Provided records Start Marker

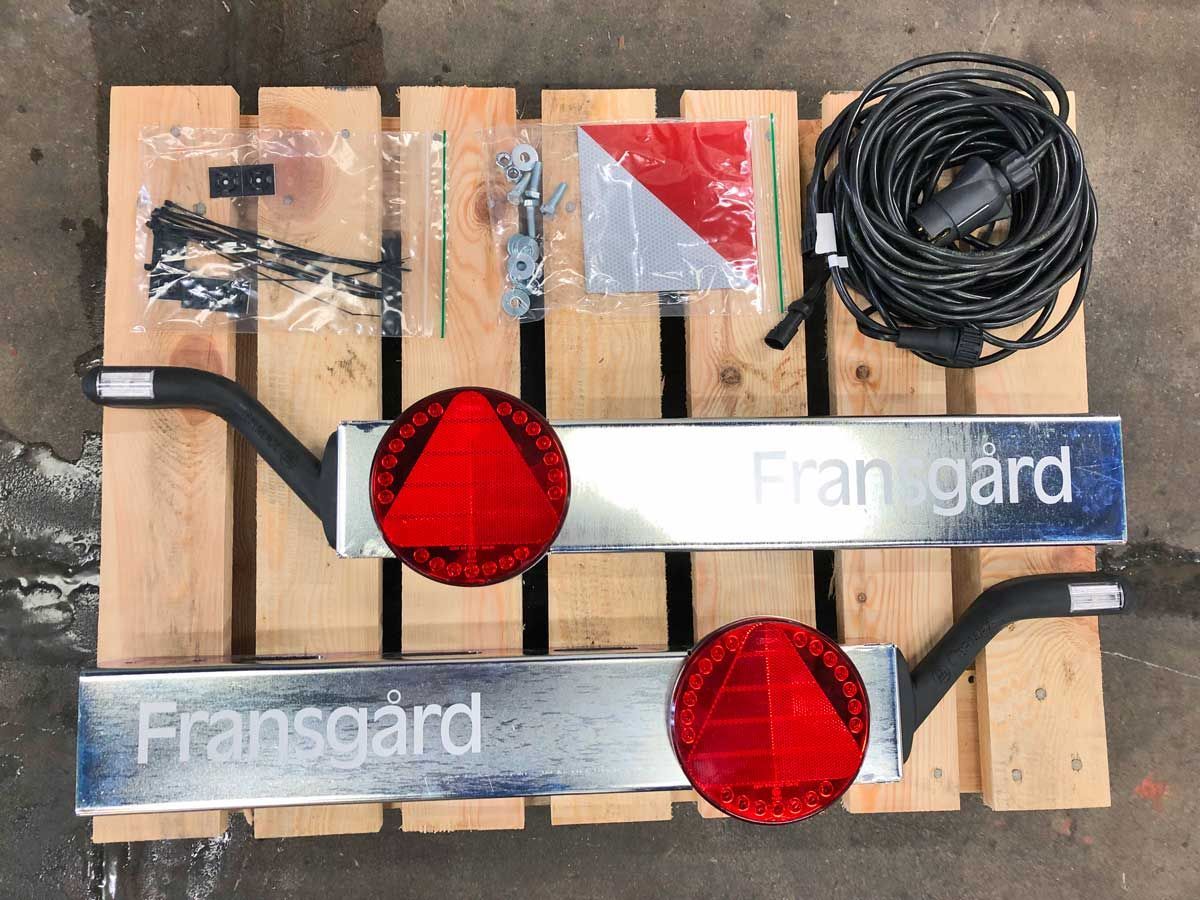 Eine Holzpalette mit einem Schild mit der Aufschrift „Fransgard“ darauf
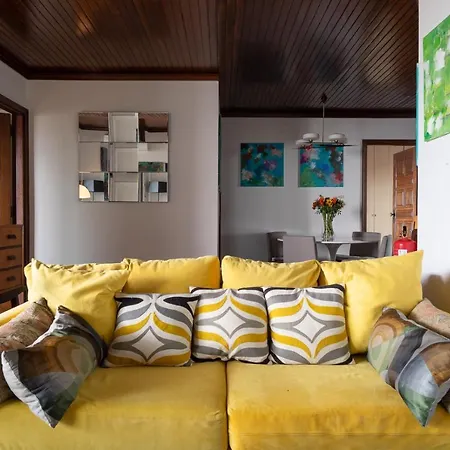 Atlantic Views Apartment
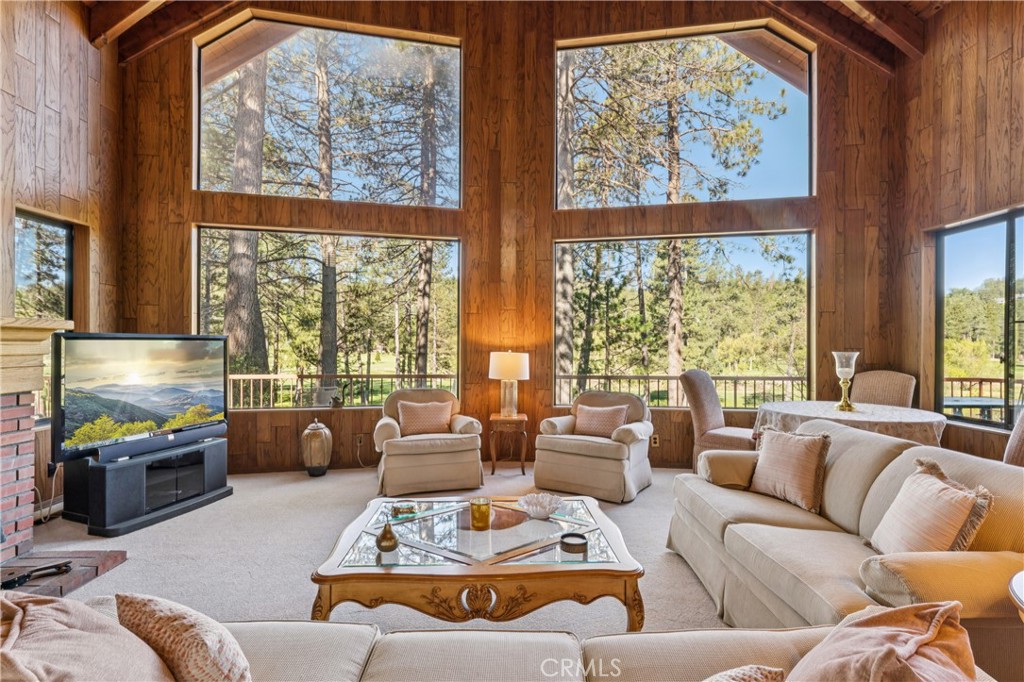 524 Golf Course Road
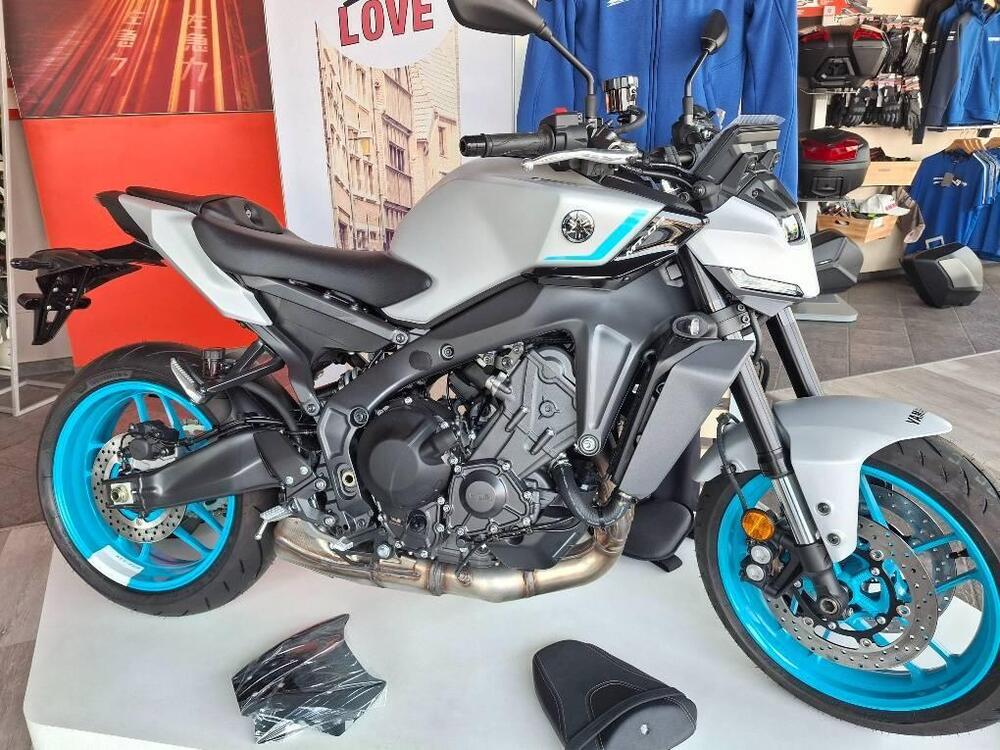 Yamaha MT-09 (2024 - 25) (2)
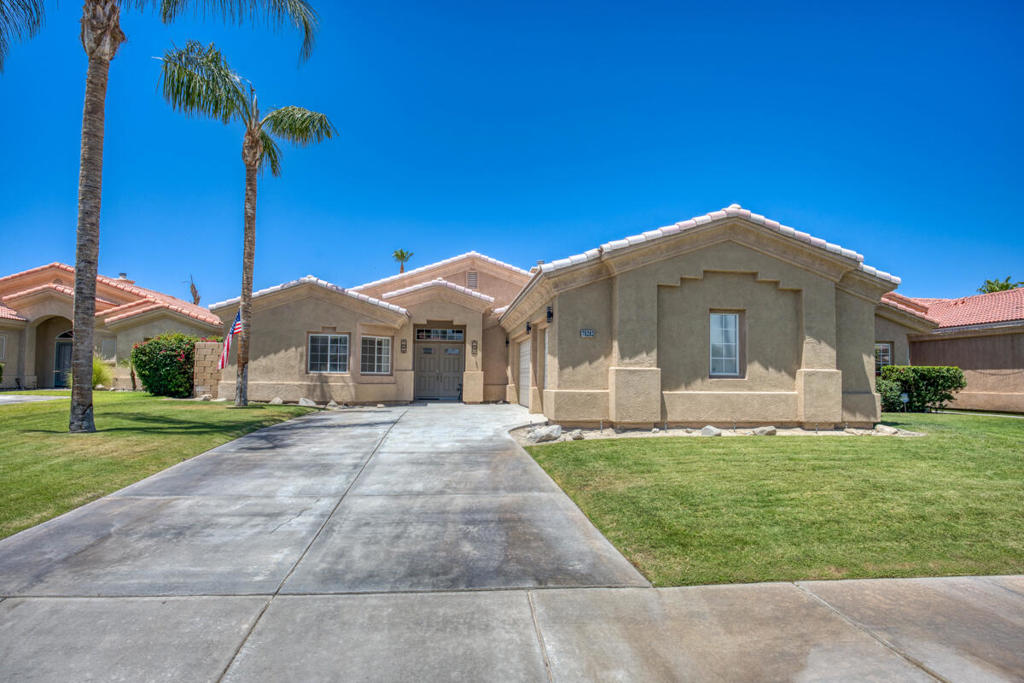 78282 Calico Glen Drive Property Photo 1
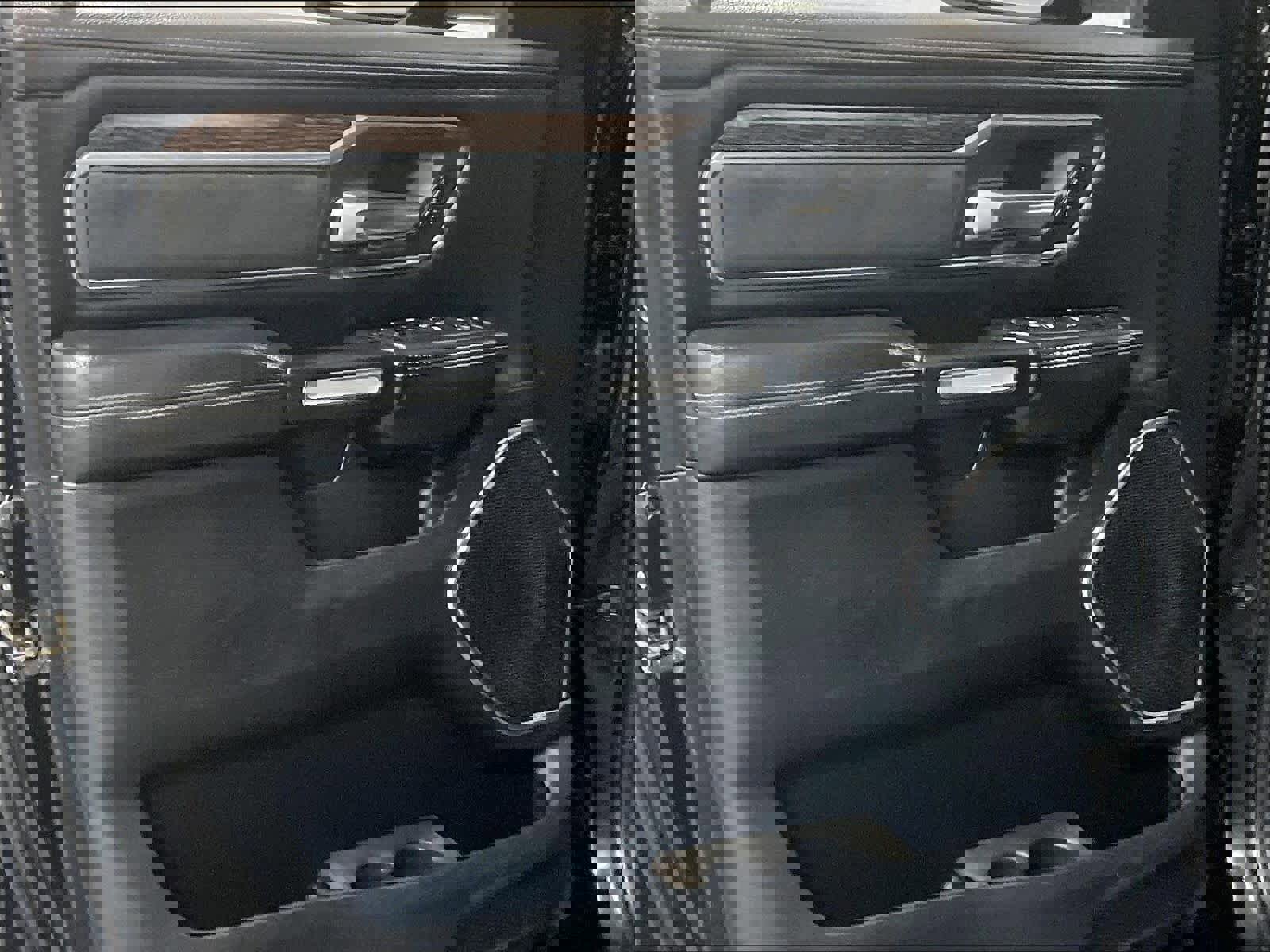 Used 2019 RAM 1500 Laramie image 9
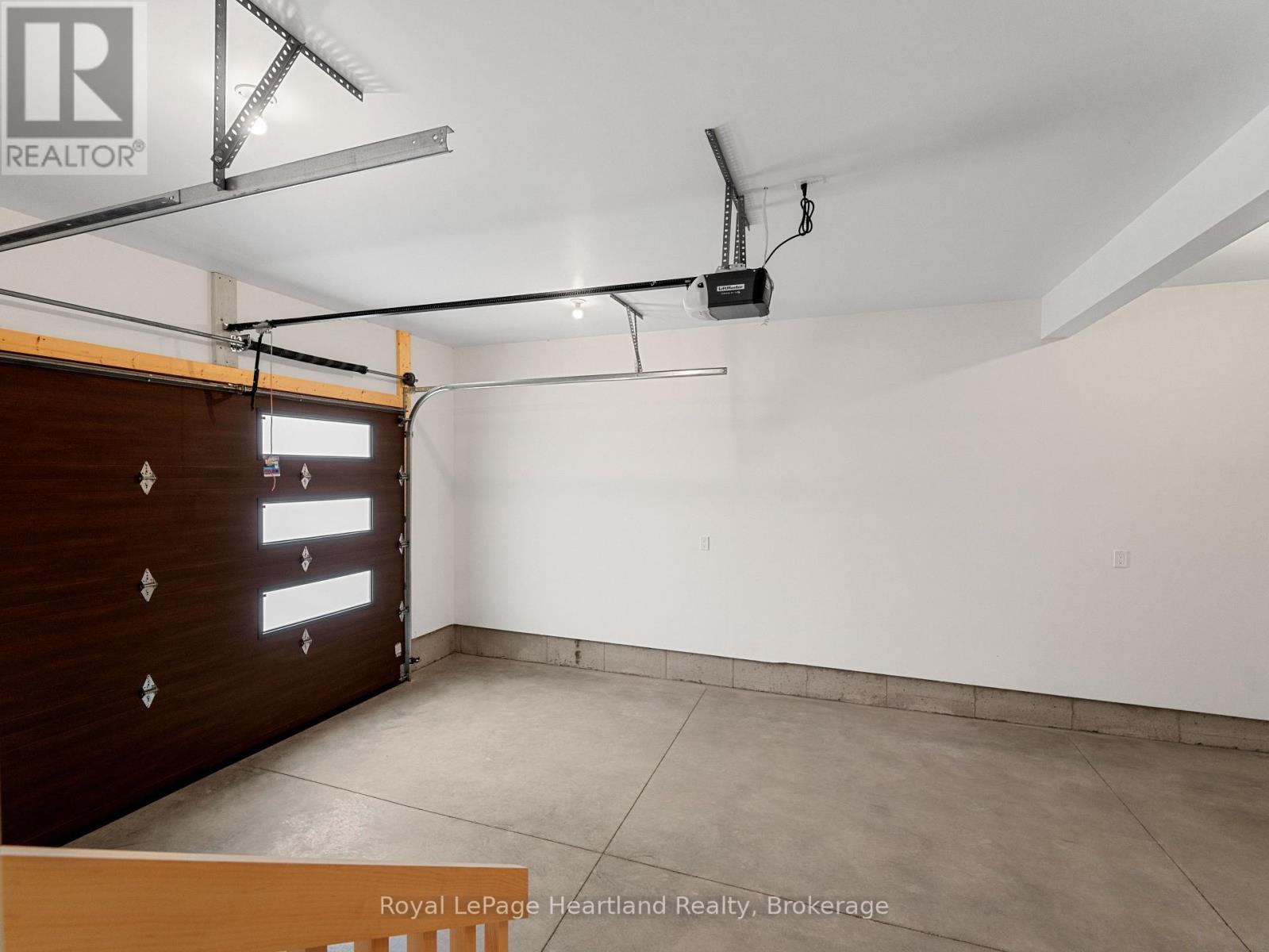 22 Roberts Street, Huron East, Ontario  N0K 1W0 - Photo 31 - X12234438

Provided records End Marker

• _Task goal_: Please reproduce nothing but the lines from the one containing "524 Golf Course Road" through the closing line of the listing, retyped word for word, pictures excluded.

• _Answer section_:
 524 Golf Course Road
 Yamaha MT-09 (2024 - 25) (2)
 78282 Calico Glen Drive Property Photo 1
 Used 2019 RAM 1500 Laramie image 9
 22 Roberts Street, Huron East, Ontario  N0K 1W0 - Photo 31 - X12234438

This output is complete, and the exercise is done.